Porque muitas coisas que parecem plenamente críveis ou mágicas
quando descritas em papel e na imaginação do leitor, perdem
boa parte de sua graça quando passados para a imagem na tela, e
é o que acontece seguidamente aqui (em especial podemos pensar
na encarnação física do tal "desafio" que é
o basilisco: como mito parece muito mais assustador do que sua imagem
de fato indica). Muito melhor seria mexer um pouco com a sagrada escritura
original, criando vida própria para o filme, e liberdade para esse
tipo de situação. Acaba que muitos dos personagens do filme
vivem inconsistentes entre momentos em que são descritos ou surgem
com forças descomunais, e a necessidade de serem plenamente frágeis
logo em seguida.
A trama, então,
se arrasta e se complica muito mais do que era necessário, se pensamos
na sua posterior solução. Faz sentido num livro, onde a
leitura pode se arrastar por dias e manter o mistério. No cinema,
é só incomodativo. Enquanto isso, certos aspectos que funcionam
especialmente bem na versão cinematográfica, como a interpretação
de Kenneth Branagh ou a figura incrivelmente carismática de Dobby
(o elfo doméstico) acabam subexploradas, por precisarem dar espaço
ao que está programado no livro. Falta justamente ao diretor a
liberdade de perceber que algumas coisas funcionam muito melhor do que
outras como imagem e som, e que por isso valeria a pena aumentar sua importância
e cortar outras passagens sem qualquer charme.
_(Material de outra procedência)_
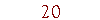 20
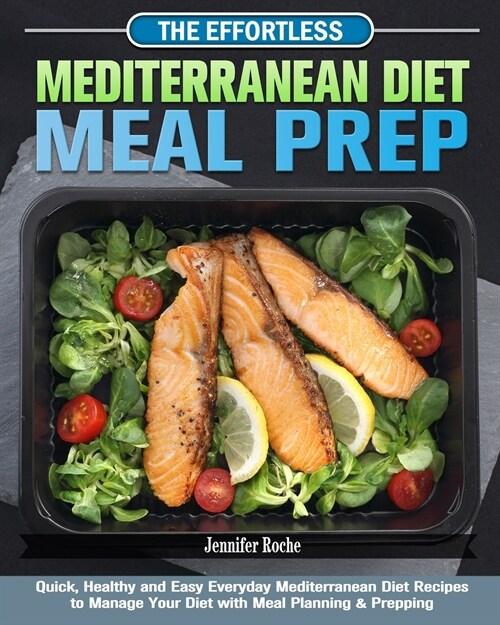 The Effortless Mediterranean Diet Meal Prep: Quick, Healthy and Easy Everyday Mediterranean Diet Recipes to Manage Your Diet with Meal Planning & Prep (Paperback)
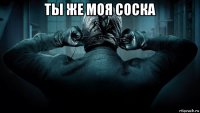ты же моя соска 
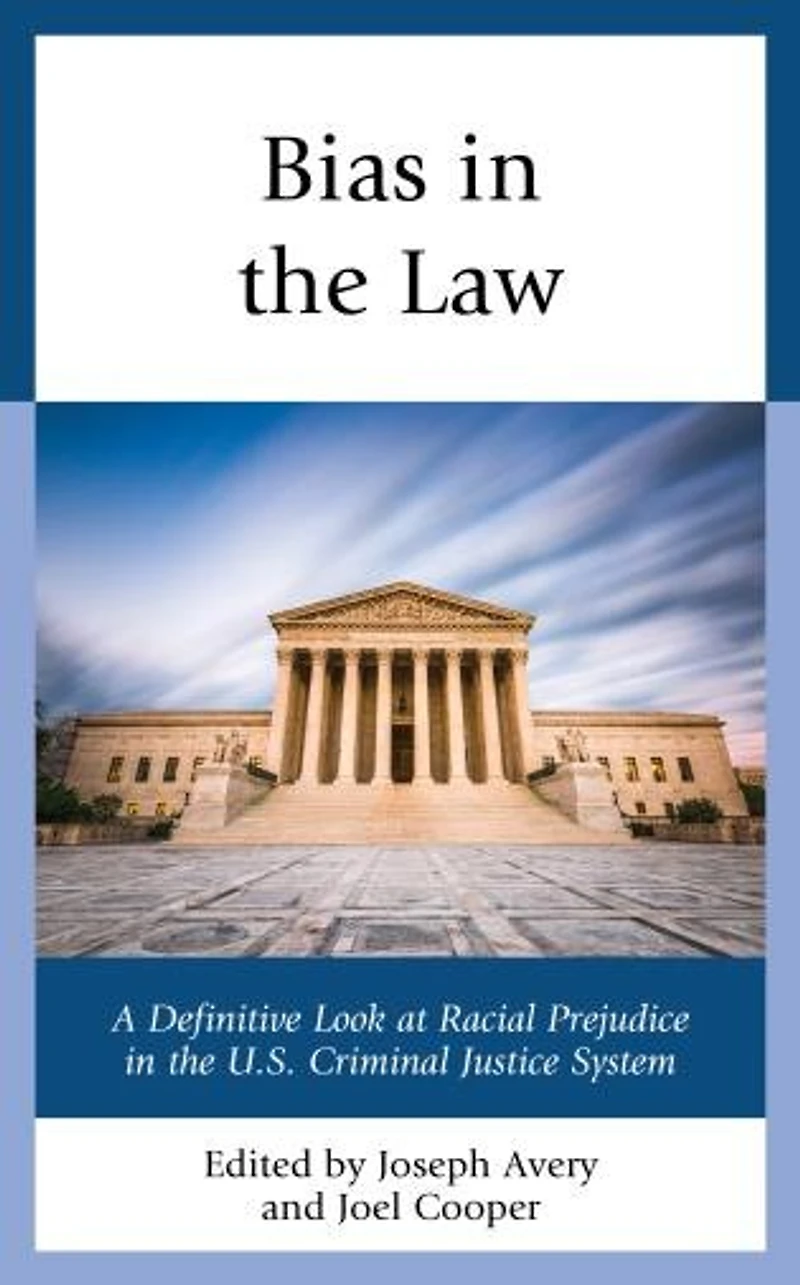 Bias the Law: A Definitive Look at Racial Prejudice U.S. Criminal Justice System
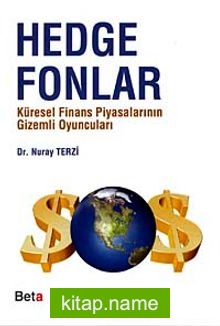 Hedge Fonları  Küresel Finans Piyasalarının Gizemli Oyuncuları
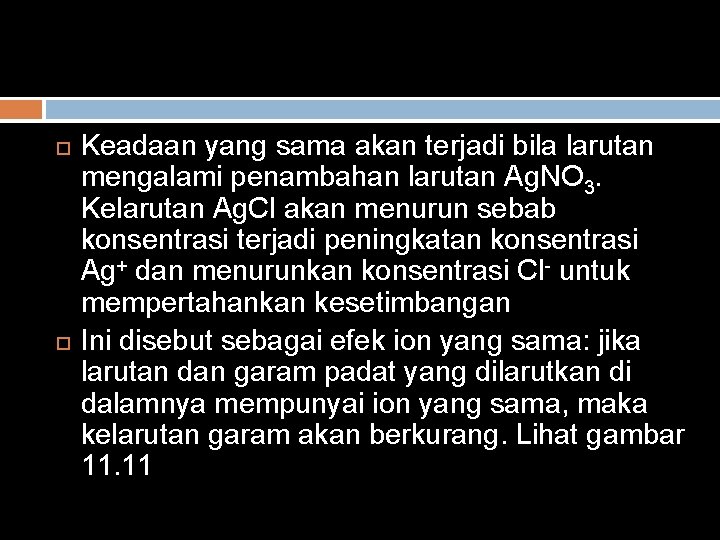  Keadaan yang sama akan terjadi bila larutan mengalami penambahan larutan Ag. NO 3.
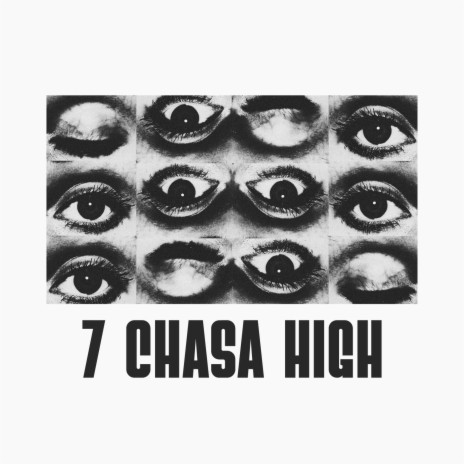 7 Chasa High | Boomplay Music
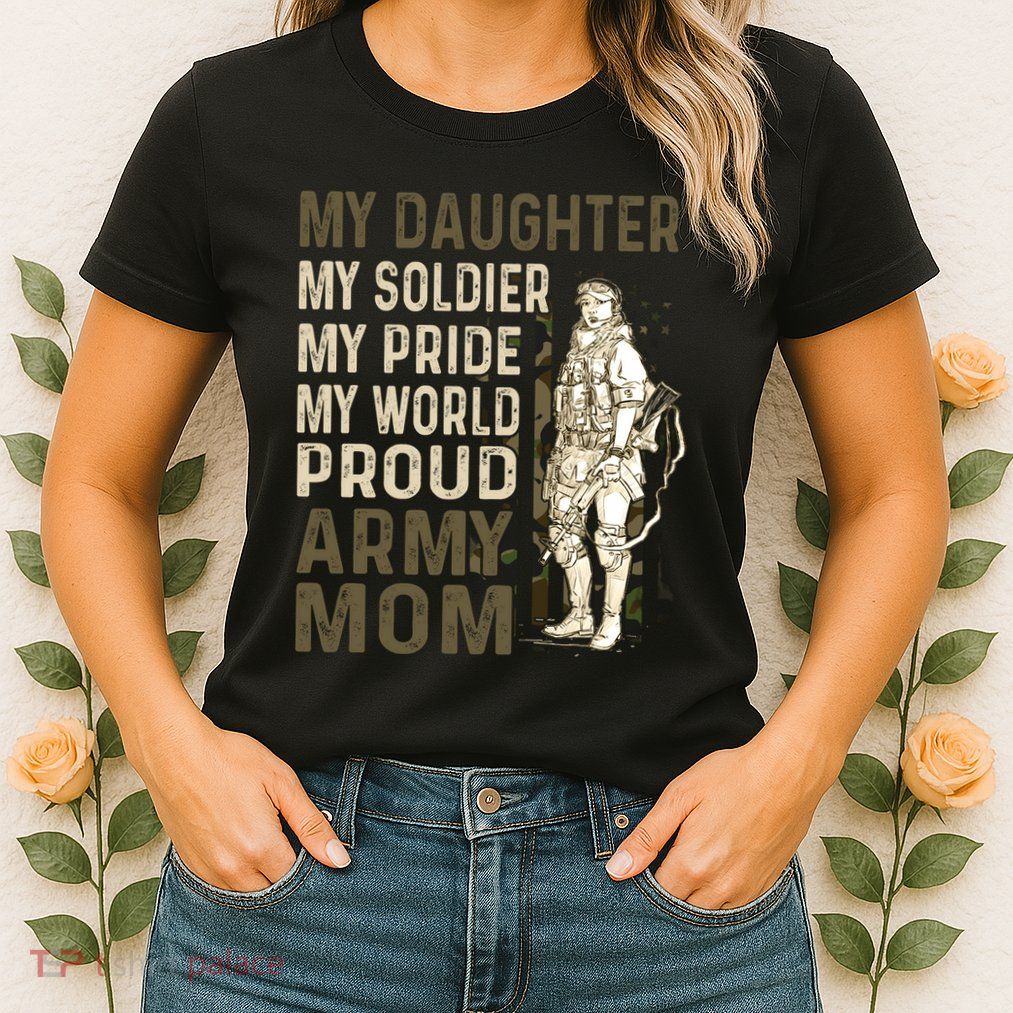 My Daughter My Soldier My Pride My World Army Mother Mom Womens T-Shirt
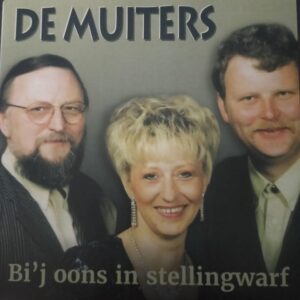 De Muiters - Bi'j oons in stellingwarf As die stemme ropt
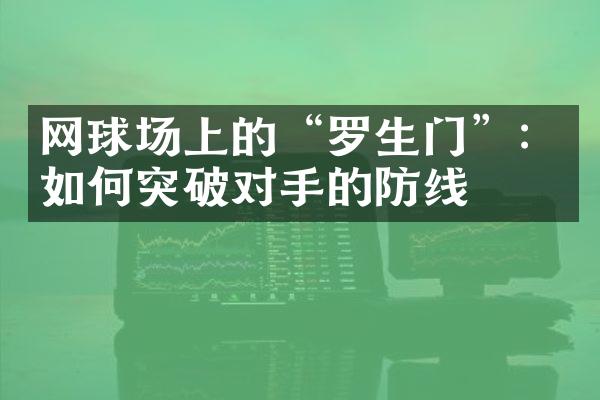 网球场上的“罗生门”：如何突破对手的防线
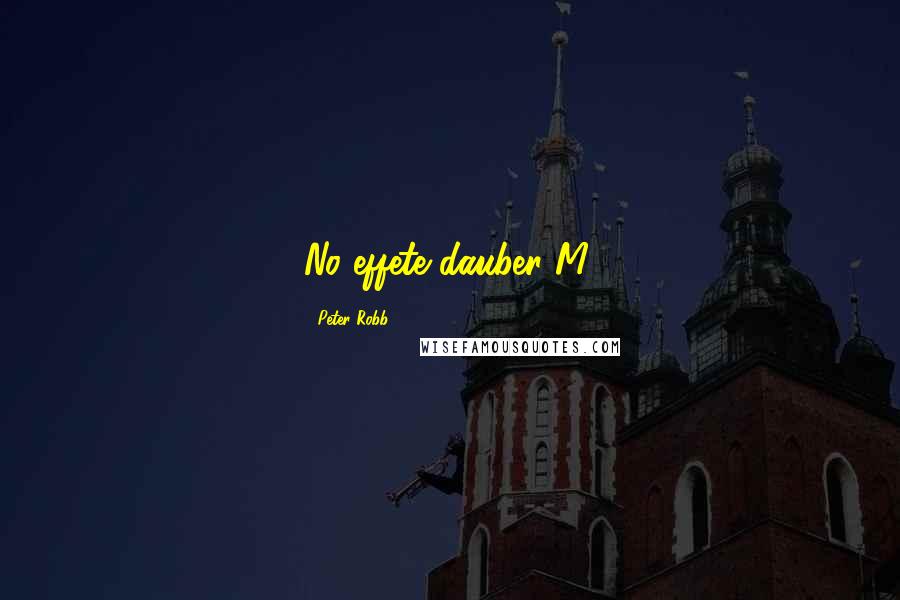 Peter Robb Quotes: No effete dauber M.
Mas, não, ele parece
só estar ali batendo ponto de cada passagem do livro, como qualquer
burocrata faria.
Não se negue
que, além destes pontos notados, há sensíveis melhoras
deste para o outro filme (que parecia uma introdução de
duas horas e meia): em especial um clima bastante soturno em uma série
de passagens (como o flashback a partir do diário) que são
francamente assustadores. Há na violência inerente a esta
trama uma força maior pelo discurso francamente anti-nazista que
envolve a questão de "raça pura" que lembra muito o uso
que os X-Men fazem do tema. Além de uma utilização
mais discreta, e por outro lado mais efetiva, dos efeitos visuais. Mas,
infelizmente, não mudou o principal: a sensação constante
de que nas frestas da história está tudo de mais interessante
e não utilizado pelo filme (tantas vezes aparece um pequeno detalhe
no fundo do quadro pelo qual ficamos intrigados, que logo é descartado
para a história "andar"), enquanto a necessidade de seguir a trama
engessa todo o resto e torna modorrento o que devia ser delicioso. Falta
respiro e personalidade ao Harry Potter cinematográfico, que serve
apenas como mero produto de multiplicação de receita aos
estúdios da Warner. Como figura mítica, nada acrescenta,
e até mesmo tira um pouco da aura do herói dos livros, porque
diminui em imagens e sons o que antes era imaginação.